LiveView app unavailable for 2+ minutes after deployment

We’re seeing an outage of over 2 minutes each time we deploy our Phoenix LiveView application. Each time we deploy, during the period in which some instances are passing health checks but not all desired instances have been placed, a browser is able to request the page for a LiveView and the static HTML is served successfully but the websocket connection fails. After some time, usually over 2 minutes, for a brief period a user loading a page will see “Internal Server Error”, after which everything is functional and websocket connections succeed. This seems to correspond with the point at which the health checks for all instances are passing.

This screen recording illustrates what I’m describing. I’ve also pasted in the deployment logs from the period during which this was being recorded below.

FYI we’re at scale 3, and we’re on phoenix 1.6.2, phoenix_live_view 0.17.6, Elixir 1.13, and OTP 24.2.

Deployment logs:

[...]
==> Monitoring deployment

 3 desired, 1 placed, 0 healthy, 0 unhealthy 
[health checks: 1 total 3 desired, 1 placed, 0 healthy, 0 unhealthy 
[health checks: 1 total 3 desired, 1 placed, 1 healthy, 0 unhealthy 
[health checks: 1 total 3 desired, 2 placed, 1 healthy, 0 unhealthy 
[health checks: 1 total 3 desired, 2 placed, 1 healthy, 0 unhealthy 
[health checks: 1 total 3 desired, 2 placed, 1 healthy, 0 unhealthy 
[health checks: 1 total 3 desired, 2 placed, 1 healthy, 0 unhealthy 
[health checks: 2 total 3 desired, 2 placed, 1 healthy, 0 unhealthy 
[health checks: 2 total 3 desired, 2 placed, 1 healthy, 0 unhealthy 
[health checks: 2 total 3 desired, 2 placed, 2 healthy, 0 unhealthy 
[health checks: 2 total 3 desired, 3 placed, 2 healthy, 0 unhealthy 
[health checks: 2 total 3 desired, 3 placed, 2 healthy, 0 unhealthy 
[health checks: 2 total 3 desired, 3 placed, 2 healthy, 0 unhealthy 
[health checks: 2 total 3 desired, 3 placed, 2 healthy, 0 unhealthy 
[health checks: 3 total 3 desired, 3 placed, 2 healthy, 0 unhealthy 
[health checks: 3 total 3 desired, 3 placed, 3 healthy, 0 unhealthy 
[health checks: 3 total 3 desired, 3 placed, 3 healthy, 0 unhealthy 
[health checks: 3 total, 3 passing]

fly.production.toml:

app = "production"

kill_signal = "SIGTERM"
kill_timeout = 5
processes = []

[deploy]
  release_command = "/app/bin/migrate"

[experimental]
  allowed_public_ports = []
  auto_rollback = true

[[services]]
  http_checks = []
  internal_port = 4000
  processes = ["app"]
  protocol = "tcp"
  script_checks = []

  [services.concurrency]
    hard_limit = 25
    soft_limit = 20
    type = "connections"

  [[services.ports]]
    handlers = ["http"]
    port = 80

  [[services.ports]]
    handlers = ["tls", "http"]
    port = 443

  [[services.tcp_checks]]
    grace_period = "30s"  # allow some time for startup
    interval = "15s"
    restart_limit = 6
    timeout = "2s"

What region is this running in?

Instances
ID      	PROCESS	VERSION	REGION	DESIRED	STATUS 	HEALTH CHECKS     	RESTARTS	CREATED   
fe295281	app    	458    	ewr(B)	run    	running	1 total, 1 passing	0       	1h40m ago	
fcba76b6	app    	458    	vin(B)	run    	running	1 total, 1 passing	0       	1h41m ago	
951310f7	app    	458    	iad   	run    	running	1 total, 1 passing	0       	1h42m ago

Try running fly regions backup iad and see if that helps?
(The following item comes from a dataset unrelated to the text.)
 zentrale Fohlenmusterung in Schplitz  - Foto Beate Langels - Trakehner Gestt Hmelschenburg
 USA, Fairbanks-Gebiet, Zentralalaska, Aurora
Hmmm just tried this and deployed, and got:

Could not create schema migrations table. This error usually happens due to the following:
* The database does not exist

We haven’t changed our configuration at all.

More context:

image: registry.fly.io/production:deployment-1642966337
image size: 66 MB
==> Creating release
--> release v461 created

--> You can detach the terminal anytime without stopping the deployment
==> Release command detected: /app/bin/migrate

--> This release will not be available until the release command succeeds.
	 Starting instance
	 Configuring virtual machine
	 Pulling container image
	 Unpacking image
	 Preparing kernel init
	 Configuring firecracker
	 Starting virtual machine
	 Starting init (commit: 0c50bff)...
	 Preparing to run: `/app/bin/migrate` as nobody
	 2022/01/23 19:34:27 listening on [fdaa:0:309a:a7b:ab8:ec2a:3bf1:2]:22 (DNS: [fdaa::3]:53)
	 Reaped child process with pid: 563 and signal: SIGUSR1, core dumped? false
	 19:34:31.338 [error] Could not create schema migrations table. This error usually happens due to the following:
	   * The database does not exist
	 "mix ecto.create". Alternatively you may configure Ecto to use
	     config :enaia, Enaia.Repo,
	 See DBConnection.start_link/2 for more information
	     (ecto_sql 3.7.1) lib/ecto/migrator.ex:678: Ecto.Migrator.verbose_schema_migration/3
	     (ecto_sql 3.7.1) lib/ecto/migrator.ex:419: Ecto.Migrator.run/4
	     (ecto_sql 3.7.1) lib/ecto/migrator.ex:146: Ecto.Migrator.with_repo/3
	 Main child exited normally with code: 1
	 Reaped child process with pid: 565 and signal: SIGUSR1, core dumped? false
	 Starting clean up.
Error Release command failed, deployment aborted

…then I tried again, with no changes to the configuration, and it deployed, but with essentially the same behavior described previously:

Bumping this in case anyone from Fly has other ideas. I don’t believe this is an issue on our end and a 2+ minute outage makes continuous deployment impossible for us.

Hi @enaia

Is it possible that your existing containers are killed prematurely?
It looks like your current kill_timeout is set to 5 so your server might still be processing final requests when it’s killed forcibly due to the timeout. If so, increasing the timeout to 1 or 2 minutes might help.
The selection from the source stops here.